There’s bad news and good news about sustainable and impact investing in the U.S., says Andrew Lee of UBS.

The bad: Adoption is slow, with just 12% of U.S. investors owning sustainable investments. The good is that sharp growth may lie ahead. UBS expects adoption to increase by 58% within five years.

A number of academic studies show a tie between corporations performing better from an environmental, social, and governance, or ESG, perspective and how that relates to financial performance. What you’ve seen more recently—whether it’s issues related to data privacy impacting the technology sector or the climate-related bankruptcy of a large utility in California—is that companies are increasingly tying the cost of their debt to how sustainable they are. Companies that consider ESG issues tend to outperform because they think about the interlinkage between all of these issues and their profitability.

Assets are not flowing into ESG products in the U.S. to the extent that they have in Europe. Why do you think that is?

I see different factors. The regulatory backdrop is certainly different in Europe, in terms of what is encouraged or mandated. And then, from an institutional leadership perspective, you don’t have institutions in the U.S. investing sustainably—as they have done for a long time in Europe.

There is also persistent confusion around labeling of sustainable investing products, as well as questions about how the impact can be measured or quantified. Those factors, taken together, can hold people back from committing more capital. Certainly, U.S. asset flows currently are not where they are relative to Europe and Asia, but our expectation is that growth off these lower levels will be higher in the U.S. and Asia versus Europe. On a go-forward basis, we think there is significant opportunity.

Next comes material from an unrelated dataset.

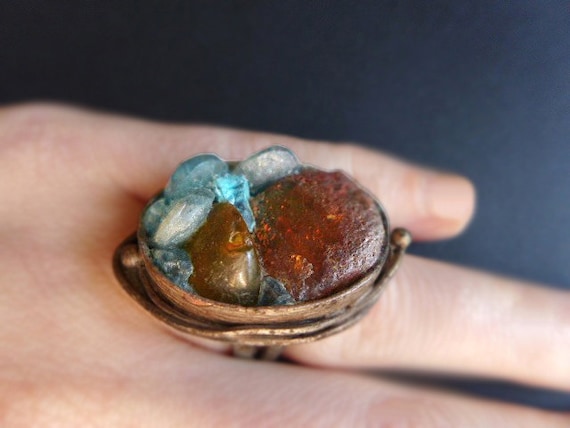 That Look of Otherness. Rustic Baltic Amber and apatite ring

You have spoken about the confusing labeling of some ESG products: Last year, an ESG critic wrote in Barron’s about a socially responsible investing fund whose top holdings included an oil company, a tobacco company, a chemical maker, and a liquor company.

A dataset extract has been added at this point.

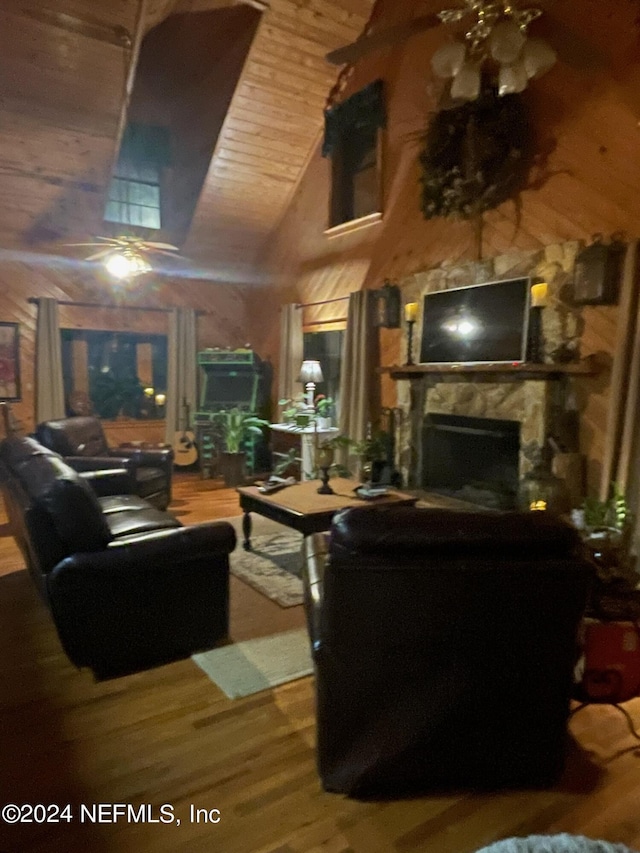 living area with high vaulted ceiling, a stone fireplace, wooden ceiling, and wood finished floors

There are two things at play here, the first of which is the labeling of funds and how funds are positioned. There is no standardization in terms of how things are labeled, and so there’s pretty interchangeable usage of SRI [socially responsible investing], VBI [values-based investing], sustainable, impact, and ESG. I think that confuses investors. That’s something that we as an industry need to work more broadly on. And then, the historical approach [in screening out companies] is where we have come from. While that lets investors be comfortable that they know what is not going to be in their portfolio, it’s clear that the focus from an investor’s perspective has shifted more to integration and impact investing and more-active approaches to considering ESG in the investment process.

There are strategies that can [legitimately] include some of those industries or individual companies. There are various reasons they can be in there—the fund manager might be looking to engage with those companies as they shift their business models over time, or might have [another] view as to why they are included in the portfolio. But it points to the need for better labeling to avoid confusing people, better reduction in complexity.